Collected data entries —
* * * * *

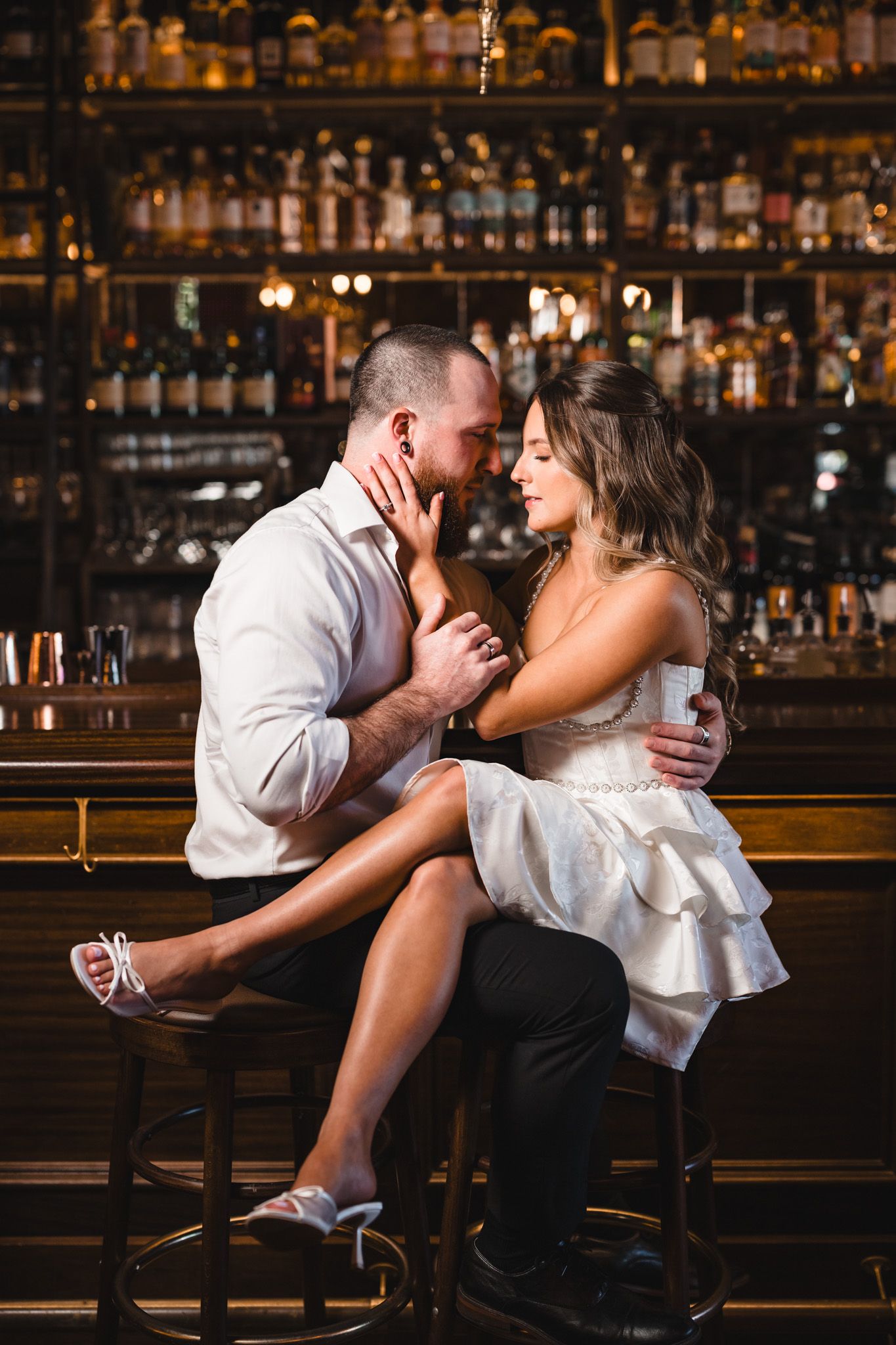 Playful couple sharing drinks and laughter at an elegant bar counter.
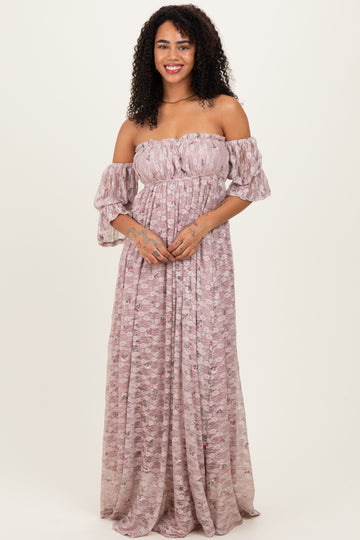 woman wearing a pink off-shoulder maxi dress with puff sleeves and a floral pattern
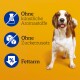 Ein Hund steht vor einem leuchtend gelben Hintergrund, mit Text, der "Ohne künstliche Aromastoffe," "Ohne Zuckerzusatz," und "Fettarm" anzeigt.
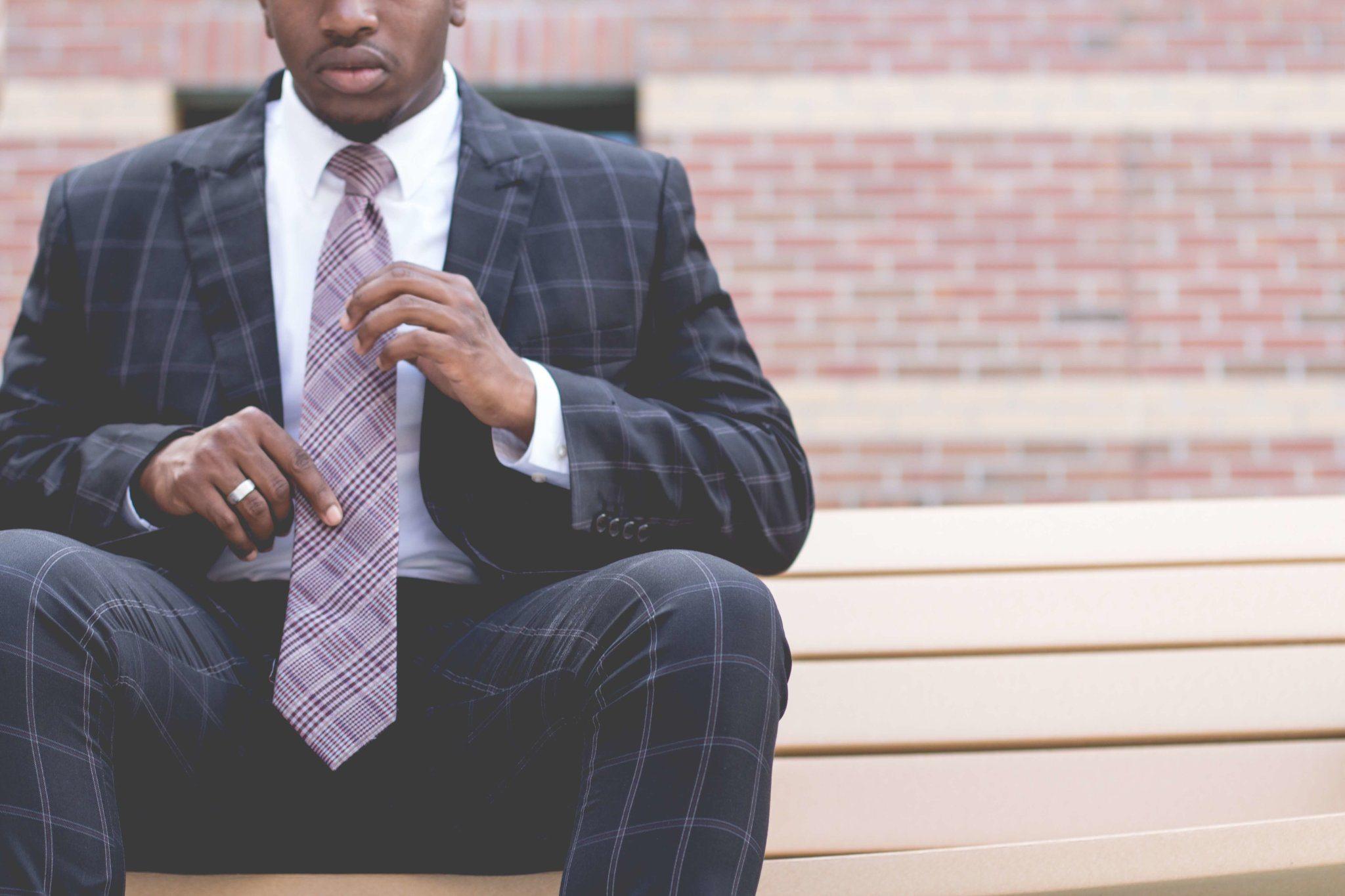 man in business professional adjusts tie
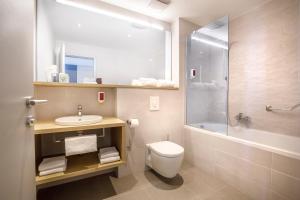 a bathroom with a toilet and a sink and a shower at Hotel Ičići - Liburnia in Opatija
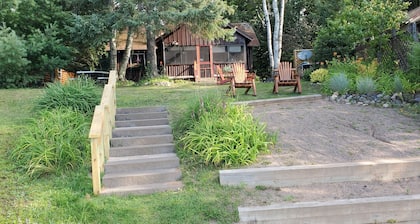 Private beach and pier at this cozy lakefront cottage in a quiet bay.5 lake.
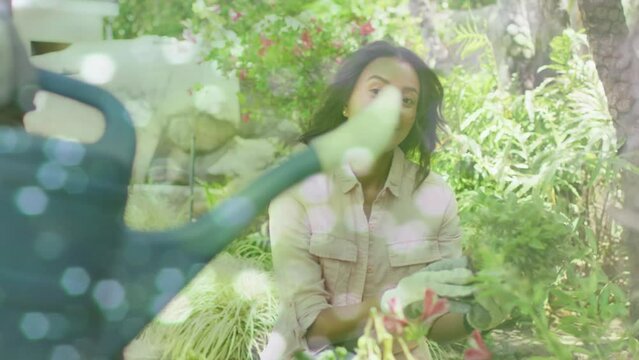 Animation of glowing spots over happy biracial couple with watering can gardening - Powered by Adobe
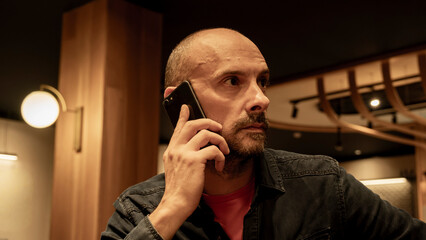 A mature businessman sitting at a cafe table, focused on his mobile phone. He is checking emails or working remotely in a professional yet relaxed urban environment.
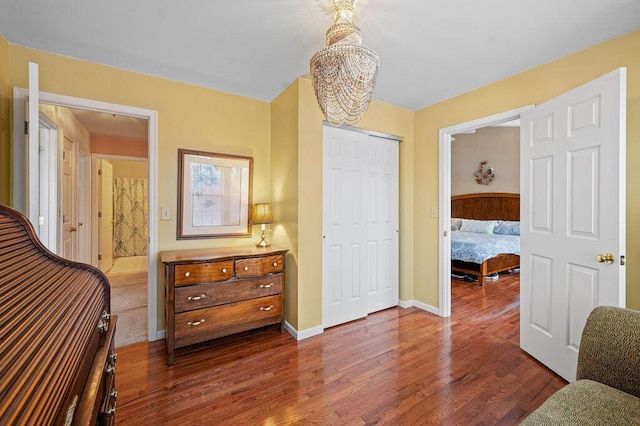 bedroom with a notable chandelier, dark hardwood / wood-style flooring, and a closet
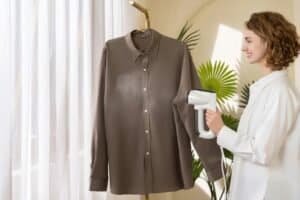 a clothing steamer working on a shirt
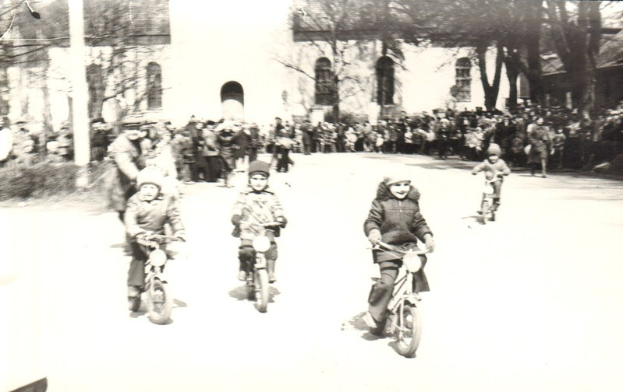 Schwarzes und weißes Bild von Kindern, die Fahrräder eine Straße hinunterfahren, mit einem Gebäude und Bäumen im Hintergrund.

* * * * *

Apart from the pictures, write every entry out again exactly.

 Playful couple sharing drinks and laughter at an elegant bar counter.
 woman wearing a pink off-shoulder maxi dress with puff sleeves and a floral pattern
 Ein Hund steht vor einem leuchtend gelben Hintergrund, mit Text, der "Ohne künstliche Aromastoffe," "Ohne Zuckerzusatz," und "Fettarm" anzeigt.
 man in business professional adjusts tie
 a bathroom with a toilet and a sink and a shower at Hotel Ičići - Liburnia in Opatija
 Private beach and pier at this cozy lakefront cottage in a quiet bay.5 lake.
 Animation of glowing spots over happy biracial couple with watering can gardening - Powered by Adobe
 A mature businessman sitting at a cafe table, focused on his mobile phone. He is checking emails or working remotely in a professional yet relaxed urban environment.
 bedroom with a notable chandelier, dark hardwood / wood-style flooring, and a closet
 a clothing steamer working on a shirt
 Schwarzes und weißes Bild von Kindern, die Fahrräder eine Straße hinunterfahren, mit einem Gebäude und Bäumen im Hintergrund.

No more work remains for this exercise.